"I smacked her clean off her seat, smacked her into the next room screaming f*** who is it?" Te Hiko told the court.
He continued the attack, knocking her off the toilet seat where she was sheltering and throwing her around so her blood was left on the walls, while demanding she unlock her phone so he could see who she'd been texting.
He disputed a forensic pathologist's claim Ms Thompson had been hit at least 70 times, saying it was more like four or five.
When his partner lost control of her bladder and bowels, he said he cleaned her up, apologised and asked her to phone the police so they could come arrest him.
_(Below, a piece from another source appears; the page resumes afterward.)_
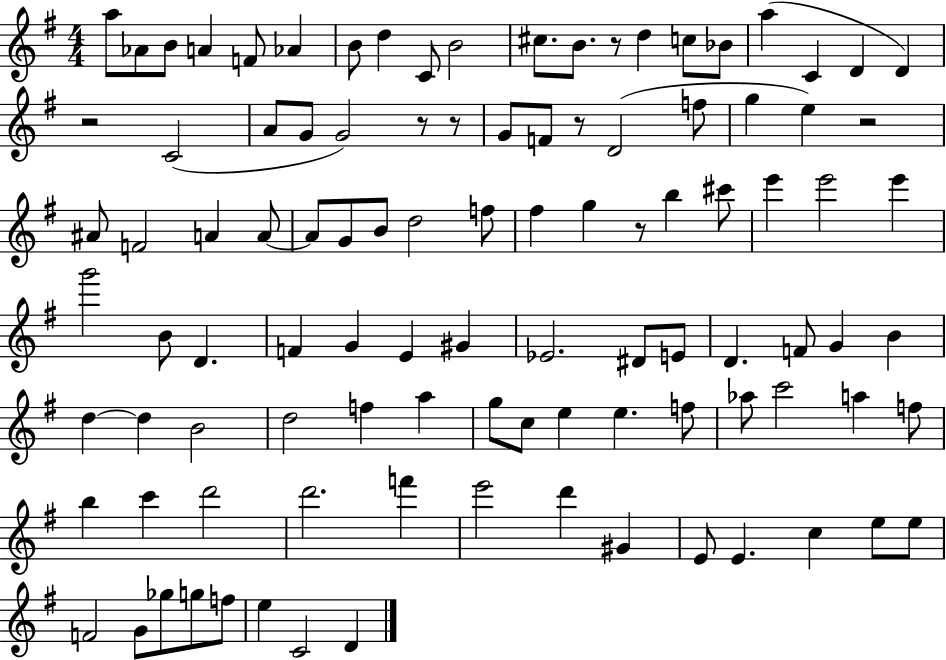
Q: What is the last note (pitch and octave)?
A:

"She was just moaning, telling me to shut up," he said.
When she became unresponsive Te Hiko sat next to her with a loaded shotgun under his chin.
He spoke of how he had freaked out when he hadn't been able to rouse her, kissed her, telling her to wake up but when she didn't, he had taken a shotgun from his wardrobe, loaded it, sat beside her on their bed and prepared to pull the trigger.
"Then I remembered my nephews were coming that morning to help skin two sheep and I didn't want them to find us like that," Te Hiko said through sobs.
He described unloading the gun then cuddling Ms Thompson to try to wake her.
He acknowledged he was unable to see her breathing or find a pulse but because she was warm he considered there was some hope she was alive.
To his lawyer, Harry Edward, he flatly denied striking Ms Thompson with the length of pipe the crown alleges he attacked her with.
He admitted he had "kicked her in the guts" before loading a P pipe for his second smoke of the night.
Referring to a phone call to a police officer, he denied saying he'd killed Ms Thompson, insisting what he had said was that he thought he'd killed her.
Questioned by crown solicitor Amanda Gordon about how much P he'd smoked that night Te Hiko responded "too much".
He told her his feet had been bare when he kicked Ms Thompson and he'd done so because he was in a rage; the kick had been to wind her.
Questioned about his denial he had used the pipe as a weapon, he said he had a theory about how it came to have blood on it.
"I say the police or ESR people put it there."
Prosecutor: "You chucked her on the bed and punched her in the head as she was trying to defend herself?"
Te Hiko: "I think so."
He agreed he knew he was assaulting her but not how much he was hurting her "because I am an alcoholic, a drug abuser".
The crown and defence will present their closing arguments on Monday.